*DIRECTIONS FOR THIS TASK:*
Retype every line of the data below, starting with the first and ending with the line that contains "Ile piec placki", but leave out the pictures.

*PROVIDED RECORDS:*
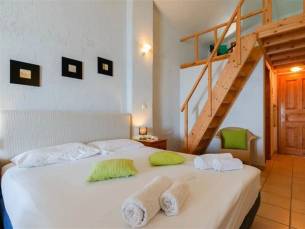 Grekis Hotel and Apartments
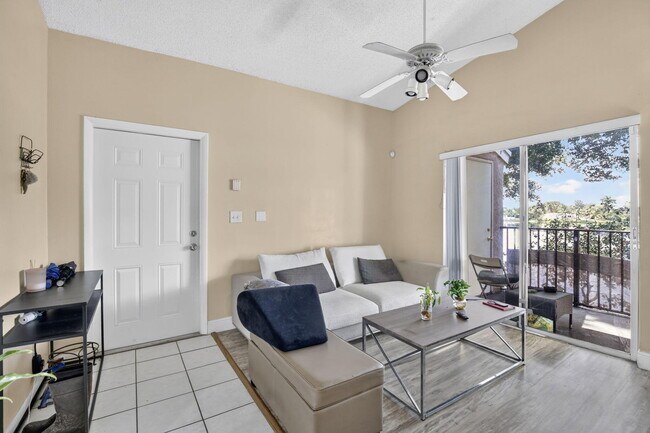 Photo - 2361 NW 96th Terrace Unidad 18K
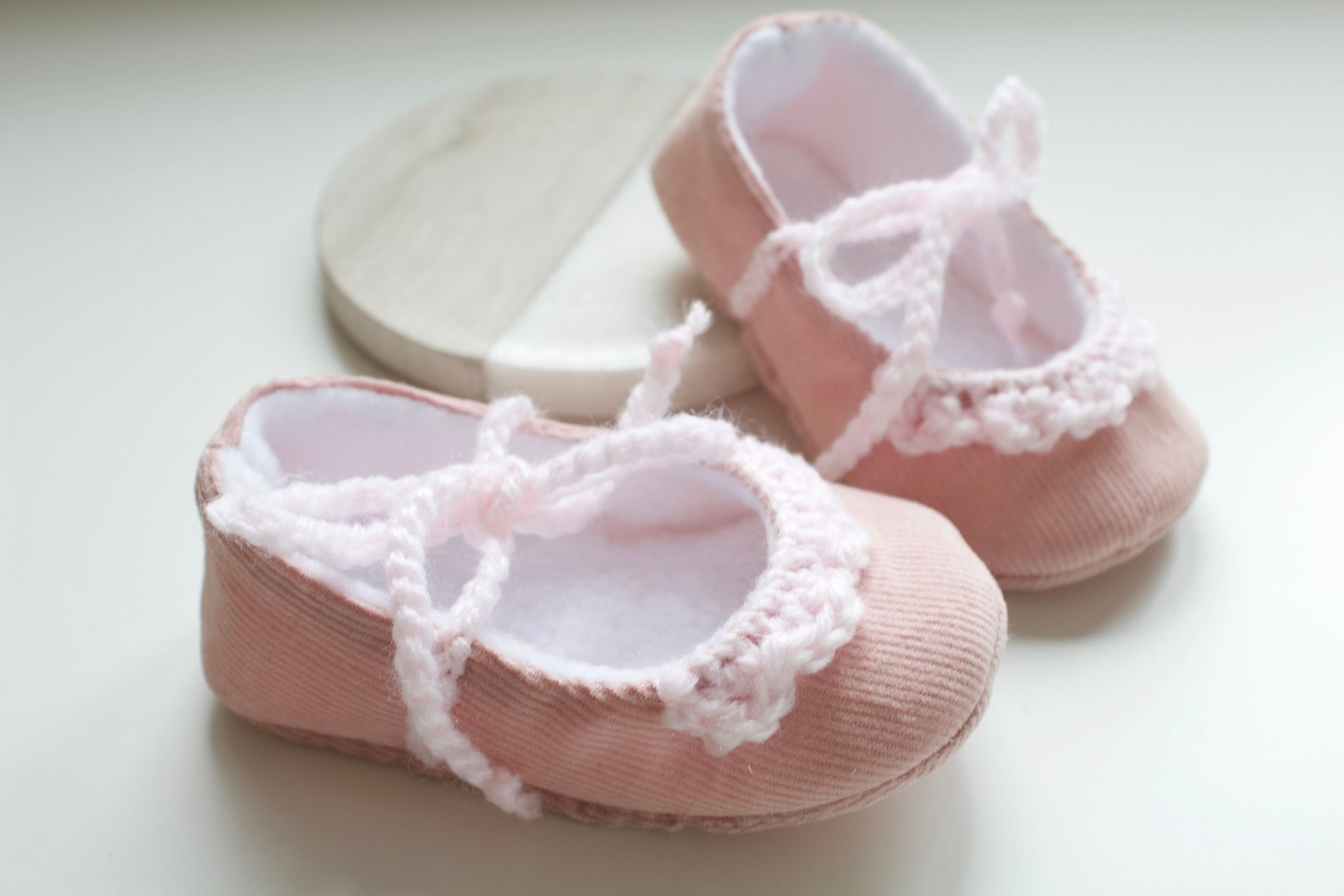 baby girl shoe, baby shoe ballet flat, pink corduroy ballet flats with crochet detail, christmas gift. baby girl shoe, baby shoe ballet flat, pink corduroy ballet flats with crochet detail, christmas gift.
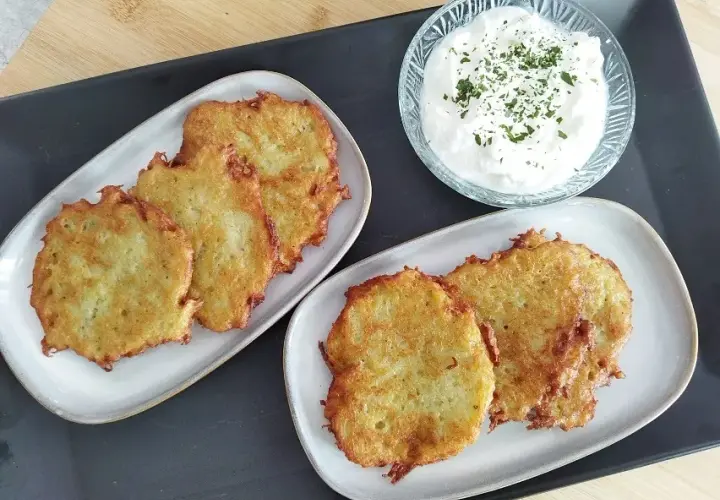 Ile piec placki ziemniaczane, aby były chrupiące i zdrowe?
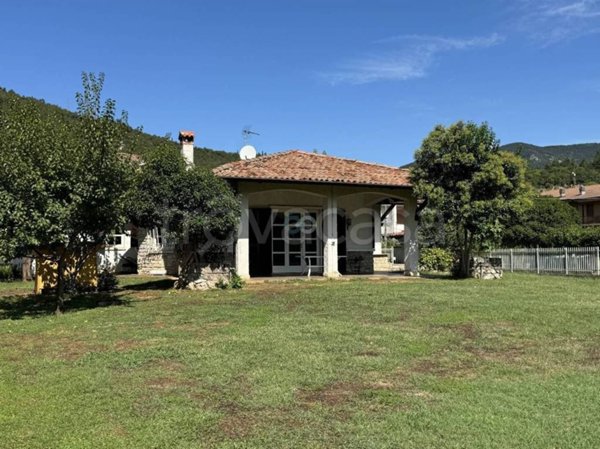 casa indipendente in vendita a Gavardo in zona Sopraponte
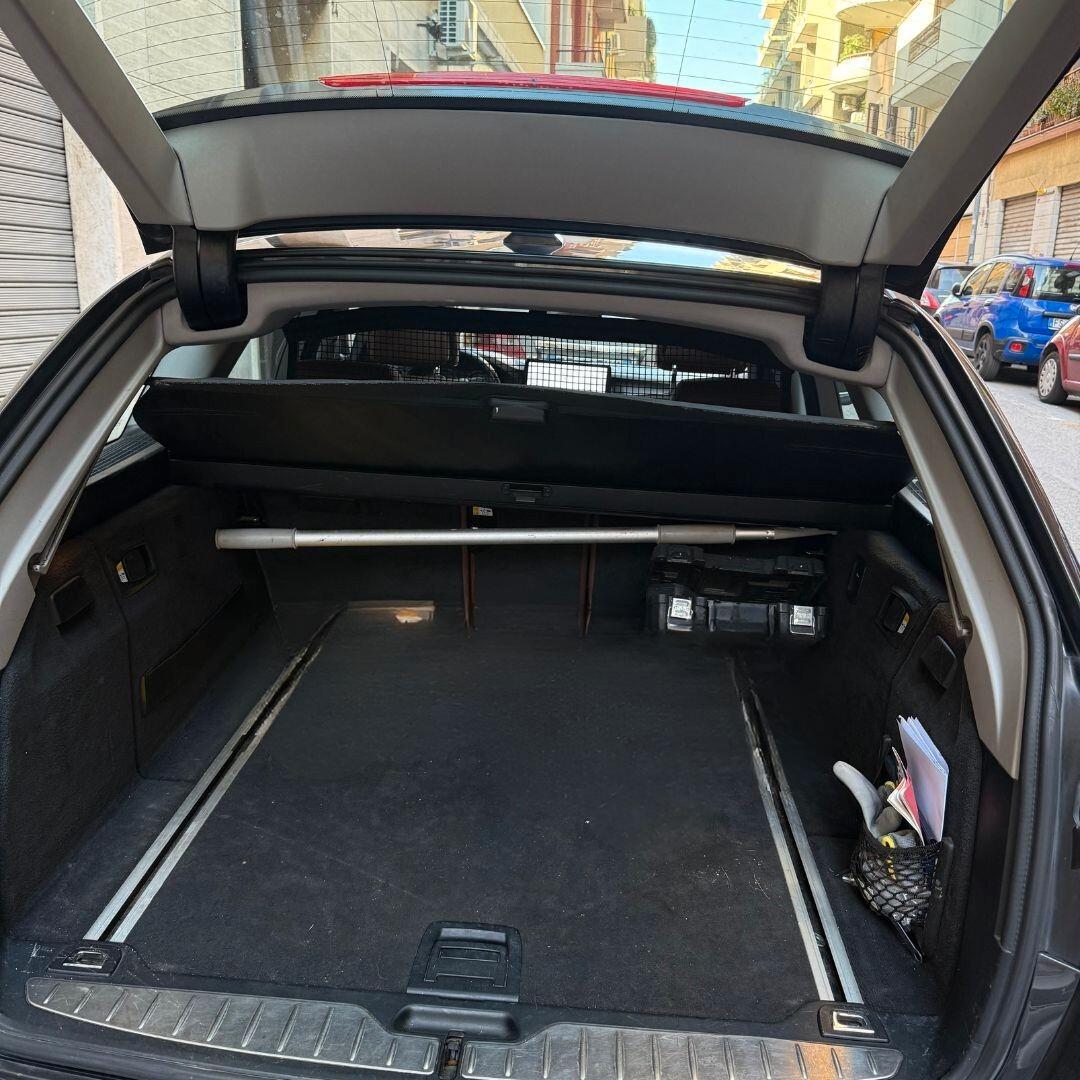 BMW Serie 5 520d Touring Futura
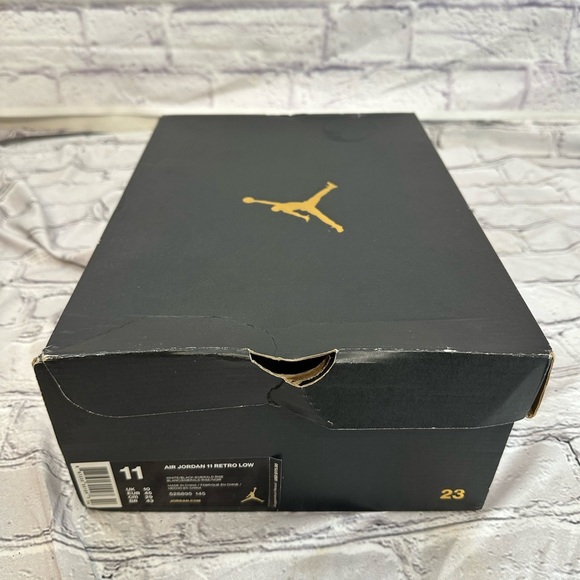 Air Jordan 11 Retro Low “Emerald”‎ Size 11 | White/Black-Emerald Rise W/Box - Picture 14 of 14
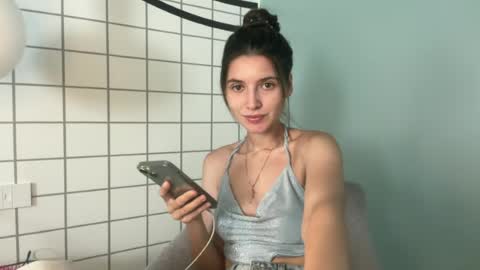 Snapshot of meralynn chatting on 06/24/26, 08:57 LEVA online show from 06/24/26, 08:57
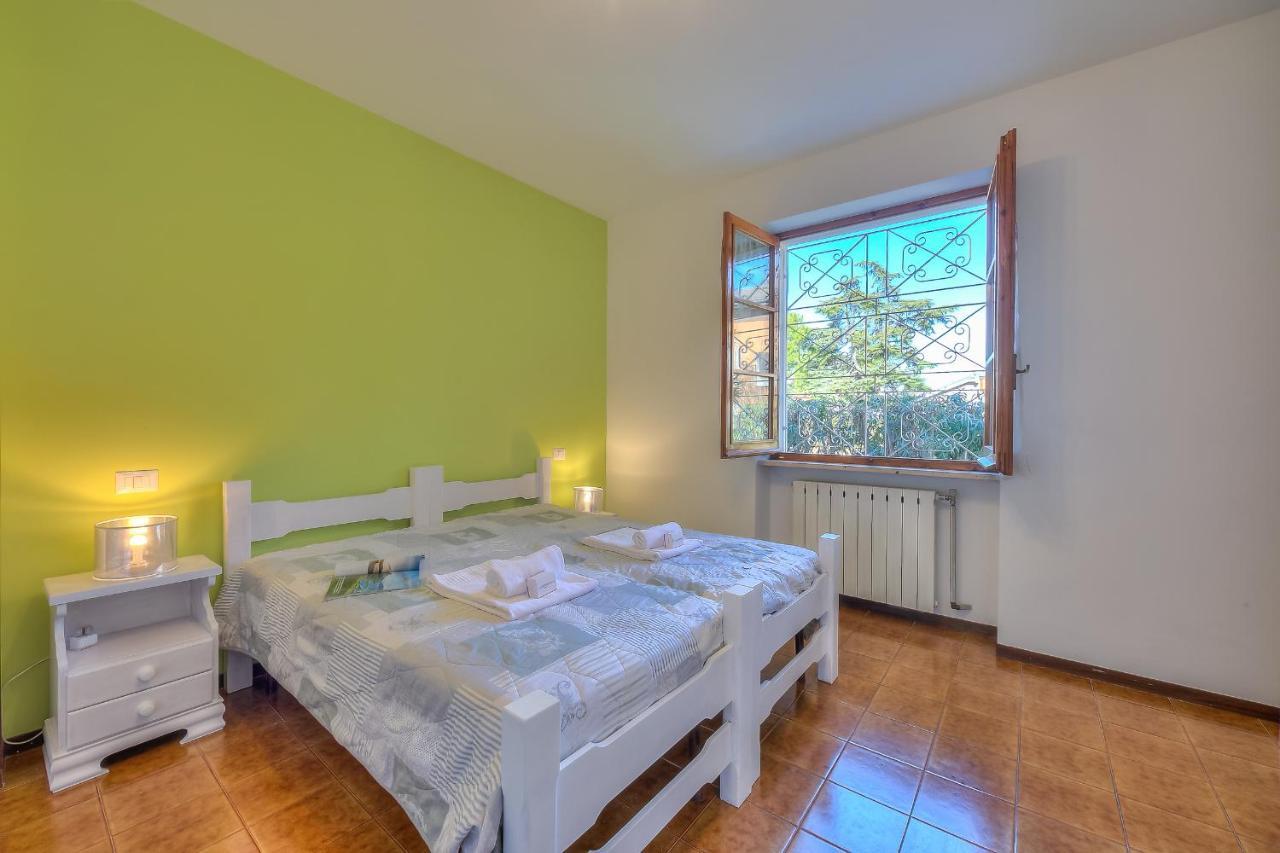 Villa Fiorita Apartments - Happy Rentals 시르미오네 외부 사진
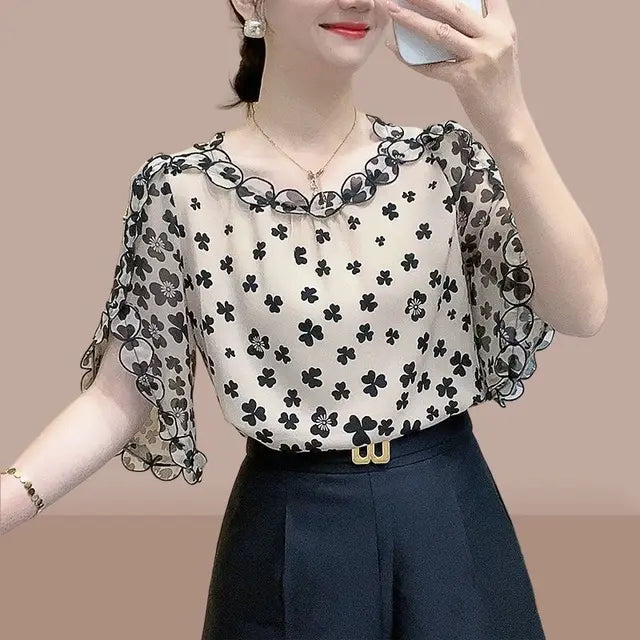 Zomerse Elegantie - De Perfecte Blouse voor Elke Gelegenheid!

*FINISHED EXERCISE:*
 Grekis Hotel and Apartments
 Photo - 2361 NW 96th Terrace Unidad 18K
 baby girl shoe, baby shoe ballet flat, pink corduroy ballet flats with crochet detail, christmas gift. baby girl shoe, baby shoe ballet flat, pink corduroy ballet flats with crochet detail, christmas gift.
 Ile piec placki ziemniaczane, aby były chrupiące i zdrowe?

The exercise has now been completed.